奉祝委員会

奉祝委員会の活動

平成30年11月27日

天皇陛下御即位三十年奉祝委員会設立総会

天皇陛下御即位奉祝委員会 設立総会開催
天皇陛下御即位奉祝委員会 設立総会開催

 平成30年11月27日、都内ホテルに政府代表・各党代表らの来賓を始め、各界から就任した奉祝委員会の役員など、全国各地から約800名が参集して、天皇陛下御即位三十年奉祝委員会の設立総会が盛大に開催されました。

 総会は、代表世話人で日本青年会議所会頭の池田祥護氏の司会で進行、設立発起人で全国社会福祉協議会会長の斎藤十朗氏より開会の挨拶の後、ご来賓として、政府を代表して菅義偉内閣官房長官奉祝国会議員連盟会長の伊吹文明元衆議院議長のお二人から祝辞を頂戴しました。その後、久保田政一奉祝委員会運営委員長より役員案と四つの奉祝事業案が発表され、満場の拍手をもって承認されました。

 奉祝委員会会長に就任した三村明夫日本商工会議所会頭より会長式辞が述べられました後、ご来賓から橋本聖子自民党参院議員会長福山哲郎立憲民主党幹事長増子輝彦国民民主党幹事長代行魚住裕一郎公明党参院議員会長よりそれぞれ党を代表して祝辞が述べられました。

 各界からは、日本経済団体連合会の中西宏明会長日本労働組合総連合会の神津里季生会長お茶の水女子大学名誉教授の藤原正彦氏日本オリンピック委員会の竹田恆和会長ジャーナリストの櫻井よしこ氏から心のこもった祝辞が述べられました。

 最後に、代表世話人の八角信芳・日本相撲協会理事長の先導により聖寿万歳が行われ、同じく代表世話人の田中恆清・神社本庁総長から閉会の辞が述べられて設立総会は盛会裡に終了しました。

開会の挨拶

斎藤 十朗 氏全国社会福祉協議会会長
斎藤 十朗 氏

 ご紹介を頂きました斎藤十朗でございます。本日は、天皇陛下御即位三十年奉祝委員会設立総会を開催いたしましたところ、皆様方には大変お忙しいところこうして大勢の皆様にご出席を頂きましたこと、まずもって心から感謝申し上げたいと思います。

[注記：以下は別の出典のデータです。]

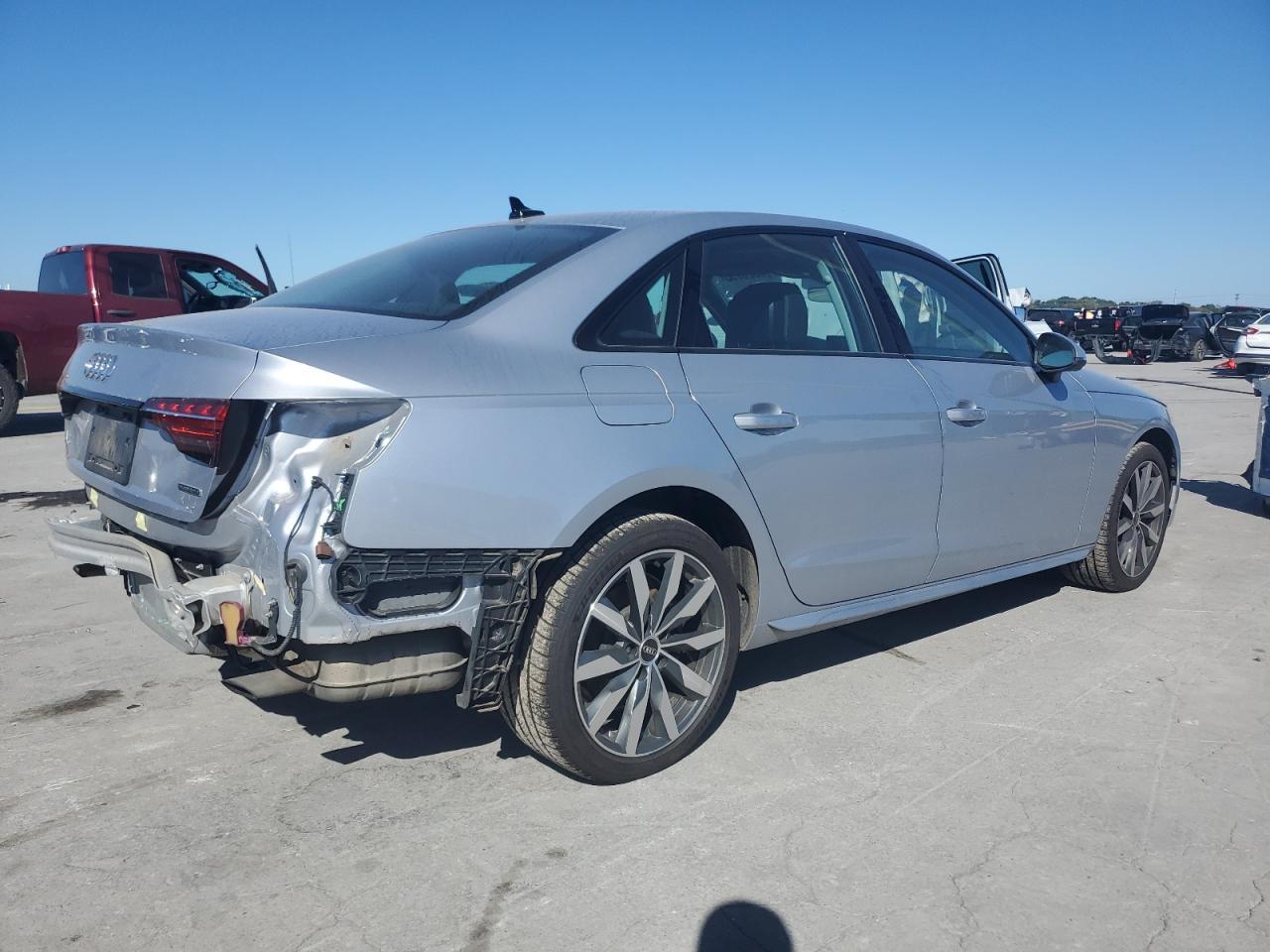 2023 AUDI A4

 私は今ご紹介を頂きましたように福祉の関係の仕事をさせていただいております。天皇陛下におかせられましては、行幸啓の際にほとんど必ずと言っていいほど福祉施設、児童施設や障害児・者施設、高齢者施設そして、福祉関係者の活動にご視察を頂き、温かいお言葉を頂き、励ましを頂いてまいりました。大変私共一同感謝を申し上げているところであります。

 また、私はもうひとつ今、全国550万人の老人クラブ連合会の会長をいたしておりますが、来月の12月の4日・5日と、沖縄県で全国老人クラブ大会を開催いたします。その大会におきましても天皇陛下御即位三十年の奉祝大会とさせていただいて、皆さまにおはかりをいたしてまいりたいと思っております。

 全国民が等しく天皇陛下の三十年御即位に対してご奉祝を心からしてまいれるように、そして国民の大きなうねりとなってこの奉祝の行事が繰り広げられていきますことを祈念いたしまして、設立総会の開会の言葉とさせて頂きます。どうぞよろしくお願いいたします。

来賓ご祝辞

菅 義偉 氏内閣官房長官
菅 義偉 氏

 天皇陛下 御在位30年 奉祝委員会 設立総会の開催に当たり、政府を代表いたしまして、ご挨拶申し上げます。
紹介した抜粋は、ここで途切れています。